Dr. Gerald Cooperstein Elected IEEE Fellow

12/11/2009 - 80-09r
Contact: Dom Panciarelli, (202) 767-2541

Dr. Gerald Cooperstein, head of the Pulsed Power Physics Branch in the Naval Research Laboratory's Plasma Physics Division, has been elected a Fellow of the Institute for Electrical and Electronics Engineers (IEEE). He is recognized "for contributions to pulsed-power and intense electron and ion-beam technologies and development of x-ray sources for pulsed radiography."

According to the IEEE, elevation to IEEE Fellow is a prestigious honor awarded each year to no more than 0.1% of the full IEEE membership by the Institute Board of Directors. Nominations are made from among Senior Members and nominees must be supported by at least six Fellows. After being reviewed and ranked by the appropriate IEEE Society, the nominations are forwarded to the Institute's Fellow Committee who then recommend a list of candidates to the IEEE Board of Directors for their consideration.
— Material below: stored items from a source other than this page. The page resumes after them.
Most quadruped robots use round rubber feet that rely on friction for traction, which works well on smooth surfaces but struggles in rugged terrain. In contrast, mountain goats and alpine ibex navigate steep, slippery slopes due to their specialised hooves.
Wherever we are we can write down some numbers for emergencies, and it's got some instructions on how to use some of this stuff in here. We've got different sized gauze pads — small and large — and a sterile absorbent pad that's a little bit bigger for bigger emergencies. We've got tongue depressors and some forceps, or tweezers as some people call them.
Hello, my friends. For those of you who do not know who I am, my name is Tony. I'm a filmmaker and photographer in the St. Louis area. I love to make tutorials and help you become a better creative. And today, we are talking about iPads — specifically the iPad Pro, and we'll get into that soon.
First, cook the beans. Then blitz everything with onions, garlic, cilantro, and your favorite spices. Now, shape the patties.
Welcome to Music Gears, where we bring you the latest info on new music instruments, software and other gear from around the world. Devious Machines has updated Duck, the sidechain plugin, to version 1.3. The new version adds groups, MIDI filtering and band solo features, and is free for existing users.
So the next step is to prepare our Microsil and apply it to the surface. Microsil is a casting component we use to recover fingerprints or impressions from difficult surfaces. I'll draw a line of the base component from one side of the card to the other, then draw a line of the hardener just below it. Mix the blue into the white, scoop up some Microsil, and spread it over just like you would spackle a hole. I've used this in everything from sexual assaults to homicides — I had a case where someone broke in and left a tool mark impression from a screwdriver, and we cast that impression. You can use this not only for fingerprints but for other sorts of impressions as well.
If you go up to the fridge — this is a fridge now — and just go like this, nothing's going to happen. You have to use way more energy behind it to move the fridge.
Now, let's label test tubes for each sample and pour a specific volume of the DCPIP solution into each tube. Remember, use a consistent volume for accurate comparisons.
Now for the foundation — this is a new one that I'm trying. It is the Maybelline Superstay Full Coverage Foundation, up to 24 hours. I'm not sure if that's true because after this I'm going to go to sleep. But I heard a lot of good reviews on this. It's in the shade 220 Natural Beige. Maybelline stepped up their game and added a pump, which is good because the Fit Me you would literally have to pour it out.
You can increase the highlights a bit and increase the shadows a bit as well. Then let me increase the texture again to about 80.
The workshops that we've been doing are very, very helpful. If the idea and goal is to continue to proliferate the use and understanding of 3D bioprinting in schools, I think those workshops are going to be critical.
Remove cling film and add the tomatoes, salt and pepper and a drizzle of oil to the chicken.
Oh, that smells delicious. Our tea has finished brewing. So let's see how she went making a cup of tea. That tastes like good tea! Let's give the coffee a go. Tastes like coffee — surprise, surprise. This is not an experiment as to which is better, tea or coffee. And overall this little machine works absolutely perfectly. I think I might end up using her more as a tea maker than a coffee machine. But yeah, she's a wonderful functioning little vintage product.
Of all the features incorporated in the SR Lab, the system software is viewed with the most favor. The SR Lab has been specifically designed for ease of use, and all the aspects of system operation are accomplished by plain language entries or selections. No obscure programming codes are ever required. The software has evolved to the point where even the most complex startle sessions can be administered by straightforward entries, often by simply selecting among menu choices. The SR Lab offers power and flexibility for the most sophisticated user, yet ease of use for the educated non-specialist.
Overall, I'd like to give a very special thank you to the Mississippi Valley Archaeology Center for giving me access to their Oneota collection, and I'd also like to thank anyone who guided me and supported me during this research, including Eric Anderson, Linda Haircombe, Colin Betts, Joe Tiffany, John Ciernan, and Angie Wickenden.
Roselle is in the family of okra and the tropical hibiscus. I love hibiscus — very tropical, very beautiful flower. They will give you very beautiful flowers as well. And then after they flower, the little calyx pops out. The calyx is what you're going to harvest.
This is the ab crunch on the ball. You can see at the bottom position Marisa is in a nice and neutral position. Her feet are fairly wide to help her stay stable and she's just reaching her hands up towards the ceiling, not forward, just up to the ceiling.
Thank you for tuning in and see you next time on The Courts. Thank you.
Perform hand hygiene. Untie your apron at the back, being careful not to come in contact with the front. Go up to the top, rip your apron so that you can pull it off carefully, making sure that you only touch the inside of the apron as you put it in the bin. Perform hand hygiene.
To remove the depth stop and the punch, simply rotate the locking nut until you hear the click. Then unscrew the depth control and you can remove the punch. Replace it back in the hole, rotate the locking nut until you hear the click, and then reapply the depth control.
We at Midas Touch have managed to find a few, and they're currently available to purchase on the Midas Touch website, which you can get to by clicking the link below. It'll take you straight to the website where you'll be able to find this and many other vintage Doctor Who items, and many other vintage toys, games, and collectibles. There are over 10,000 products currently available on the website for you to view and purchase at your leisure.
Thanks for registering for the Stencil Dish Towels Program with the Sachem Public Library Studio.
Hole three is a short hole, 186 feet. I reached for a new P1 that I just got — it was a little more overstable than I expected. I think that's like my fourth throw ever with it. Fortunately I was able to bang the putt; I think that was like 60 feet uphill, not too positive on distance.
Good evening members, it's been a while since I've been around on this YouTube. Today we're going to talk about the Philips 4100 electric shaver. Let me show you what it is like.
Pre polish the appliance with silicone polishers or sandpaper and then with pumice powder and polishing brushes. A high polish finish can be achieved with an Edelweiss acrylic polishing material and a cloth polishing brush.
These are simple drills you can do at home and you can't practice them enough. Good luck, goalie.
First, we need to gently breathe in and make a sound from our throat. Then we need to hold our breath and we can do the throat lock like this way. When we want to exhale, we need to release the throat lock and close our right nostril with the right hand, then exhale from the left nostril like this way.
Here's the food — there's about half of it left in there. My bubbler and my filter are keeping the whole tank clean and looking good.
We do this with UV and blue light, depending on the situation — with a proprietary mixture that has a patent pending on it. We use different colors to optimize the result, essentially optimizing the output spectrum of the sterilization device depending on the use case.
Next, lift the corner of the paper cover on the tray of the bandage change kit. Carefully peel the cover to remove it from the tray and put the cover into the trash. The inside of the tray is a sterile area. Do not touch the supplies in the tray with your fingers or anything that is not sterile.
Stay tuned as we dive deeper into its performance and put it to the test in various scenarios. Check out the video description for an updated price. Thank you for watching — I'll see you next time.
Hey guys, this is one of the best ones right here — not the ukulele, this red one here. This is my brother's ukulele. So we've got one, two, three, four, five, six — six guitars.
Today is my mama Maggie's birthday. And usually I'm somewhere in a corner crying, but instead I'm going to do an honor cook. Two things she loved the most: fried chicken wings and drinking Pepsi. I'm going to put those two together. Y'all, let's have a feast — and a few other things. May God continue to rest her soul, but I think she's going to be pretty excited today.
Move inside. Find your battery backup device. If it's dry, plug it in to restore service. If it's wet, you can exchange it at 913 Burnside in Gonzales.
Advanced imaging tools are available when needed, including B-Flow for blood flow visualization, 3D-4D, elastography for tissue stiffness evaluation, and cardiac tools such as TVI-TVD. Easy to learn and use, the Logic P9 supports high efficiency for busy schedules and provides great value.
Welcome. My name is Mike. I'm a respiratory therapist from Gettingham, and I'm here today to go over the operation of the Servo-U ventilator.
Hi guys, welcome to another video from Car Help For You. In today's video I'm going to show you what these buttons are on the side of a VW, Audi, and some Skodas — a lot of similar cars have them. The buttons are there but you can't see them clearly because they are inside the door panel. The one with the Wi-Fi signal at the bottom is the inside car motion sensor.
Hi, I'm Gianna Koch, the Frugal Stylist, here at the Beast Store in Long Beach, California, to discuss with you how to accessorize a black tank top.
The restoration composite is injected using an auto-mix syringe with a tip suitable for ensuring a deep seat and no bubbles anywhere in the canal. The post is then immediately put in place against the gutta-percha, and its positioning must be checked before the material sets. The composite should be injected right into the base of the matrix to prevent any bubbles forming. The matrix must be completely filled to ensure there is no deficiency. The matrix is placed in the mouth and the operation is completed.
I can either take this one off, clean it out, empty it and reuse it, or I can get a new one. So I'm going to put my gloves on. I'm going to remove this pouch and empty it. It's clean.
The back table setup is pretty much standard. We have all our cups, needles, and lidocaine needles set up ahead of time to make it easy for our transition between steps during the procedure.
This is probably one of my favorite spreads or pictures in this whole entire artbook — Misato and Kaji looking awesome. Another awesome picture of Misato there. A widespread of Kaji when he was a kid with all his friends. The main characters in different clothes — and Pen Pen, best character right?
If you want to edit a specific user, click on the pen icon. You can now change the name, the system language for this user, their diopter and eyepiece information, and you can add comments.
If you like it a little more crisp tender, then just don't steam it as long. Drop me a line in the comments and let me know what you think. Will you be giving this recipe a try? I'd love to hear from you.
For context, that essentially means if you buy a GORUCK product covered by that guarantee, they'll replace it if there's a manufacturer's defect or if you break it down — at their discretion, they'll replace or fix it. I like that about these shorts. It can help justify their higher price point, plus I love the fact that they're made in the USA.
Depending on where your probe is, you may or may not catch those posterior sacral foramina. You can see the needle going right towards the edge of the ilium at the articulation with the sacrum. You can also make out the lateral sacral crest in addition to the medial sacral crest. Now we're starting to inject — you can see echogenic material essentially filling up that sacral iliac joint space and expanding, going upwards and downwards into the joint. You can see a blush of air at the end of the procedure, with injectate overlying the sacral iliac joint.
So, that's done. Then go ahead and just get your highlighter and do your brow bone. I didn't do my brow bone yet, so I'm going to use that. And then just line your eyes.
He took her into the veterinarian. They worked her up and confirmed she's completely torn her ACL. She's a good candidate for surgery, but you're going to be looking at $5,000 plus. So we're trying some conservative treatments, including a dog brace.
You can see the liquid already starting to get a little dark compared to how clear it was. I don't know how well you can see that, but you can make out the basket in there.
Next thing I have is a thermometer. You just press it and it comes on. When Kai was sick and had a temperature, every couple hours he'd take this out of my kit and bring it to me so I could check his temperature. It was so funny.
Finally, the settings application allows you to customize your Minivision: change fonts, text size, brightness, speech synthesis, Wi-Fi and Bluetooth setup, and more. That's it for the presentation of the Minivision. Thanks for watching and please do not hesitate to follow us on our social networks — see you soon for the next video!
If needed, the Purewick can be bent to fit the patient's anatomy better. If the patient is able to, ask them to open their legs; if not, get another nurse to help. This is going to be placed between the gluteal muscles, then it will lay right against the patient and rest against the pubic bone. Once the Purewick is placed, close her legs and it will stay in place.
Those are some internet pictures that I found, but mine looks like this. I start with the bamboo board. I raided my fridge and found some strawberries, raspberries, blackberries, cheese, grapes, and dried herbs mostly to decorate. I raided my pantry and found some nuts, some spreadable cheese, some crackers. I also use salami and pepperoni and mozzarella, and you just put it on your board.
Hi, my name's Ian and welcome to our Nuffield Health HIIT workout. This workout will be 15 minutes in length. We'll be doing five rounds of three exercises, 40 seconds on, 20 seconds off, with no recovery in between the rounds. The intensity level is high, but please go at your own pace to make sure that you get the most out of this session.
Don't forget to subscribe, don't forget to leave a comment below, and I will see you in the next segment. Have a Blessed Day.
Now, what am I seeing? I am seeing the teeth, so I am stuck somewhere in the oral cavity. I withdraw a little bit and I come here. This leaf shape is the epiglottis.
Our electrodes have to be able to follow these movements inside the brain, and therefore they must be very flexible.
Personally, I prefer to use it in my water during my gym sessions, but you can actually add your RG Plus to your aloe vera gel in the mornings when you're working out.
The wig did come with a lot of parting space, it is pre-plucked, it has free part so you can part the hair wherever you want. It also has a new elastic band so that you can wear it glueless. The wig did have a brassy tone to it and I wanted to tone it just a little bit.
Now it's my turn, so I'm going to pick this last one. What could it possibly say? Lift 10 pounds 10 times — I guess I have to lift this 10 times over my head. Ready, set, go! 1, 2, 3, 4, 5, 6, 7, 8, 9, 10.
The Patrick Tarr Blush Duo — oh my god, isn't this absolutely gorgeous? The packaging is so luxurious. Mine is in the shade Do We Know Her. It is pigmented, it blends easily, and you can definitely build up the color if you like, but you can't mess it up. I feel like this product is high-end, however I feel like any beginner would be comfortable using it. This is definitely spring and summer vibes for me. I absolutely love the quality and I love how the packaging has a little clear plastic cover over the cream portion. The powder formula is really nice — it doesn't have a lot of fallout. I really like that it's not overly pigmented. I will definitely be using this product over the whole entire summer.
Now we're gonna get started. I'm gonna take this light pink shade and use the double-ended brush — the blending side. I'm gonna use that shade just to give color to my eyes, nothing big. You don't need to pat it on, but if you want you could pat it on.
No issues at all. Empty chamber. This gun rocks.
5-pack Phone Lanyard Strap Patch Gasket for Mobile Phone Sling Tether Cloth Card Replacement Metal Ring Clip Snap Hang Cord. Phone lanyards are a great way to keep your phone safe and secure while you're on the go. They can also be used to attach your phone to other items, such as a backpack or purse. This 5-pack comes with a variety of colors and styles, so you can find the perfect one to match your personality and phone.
Dr. Cooperstein received both his B.S. degree in physics in 1963 and Ph.D degree in experimental high-energy physics in 1968, from the Massachusetts Institute of Technology. His first two positions were with EG&G and Ion Physics Corporation in Massachusetts. Dr. Cooperstein joined NRL in 1971, as a section head of the Plasma Physics Division, where he was responsible for intense electron beam research on the Gamble I high-voltage, pulsed-power generator.

Dr. Cooperstein has an exceptional record of achievement for over three decades in the technology and applications of high-voltage pulsed-power with emphasis on intense electron and ion beam generation. His most distinctive contributions started with understanding the role of ions in self-pinched electron beam diodes which led to the first experiments on generation, focusing and transport with high current (~0.5 MA) ion beams in the mid-70's. This work helped spawn light ion-beam Inertial Confinement Fusion research at Sandia National Laboratories and in several countries around the world. Most recently, Dr. Cooperstein and his group are using these intense ion beams to generate intense pulses of characteristic gamma-rays and neutrons for the detection of special nuclear material. In the 1980's, he contributed to the first demonstration of power multiplication using both short and long-conduction-time plasma opening switches, offering the promise of compact, inductively-driven pulsed-power generators. Again, this work spawned numerous research efforts around the world. Dr. Cooperstein's most distinctive contribution is the development of the rod-pinch diode where his research efforts and managerial leadership over the last decade have led to major improvements in the intensity and spot-size of intense pulsed x-ray radiography sources.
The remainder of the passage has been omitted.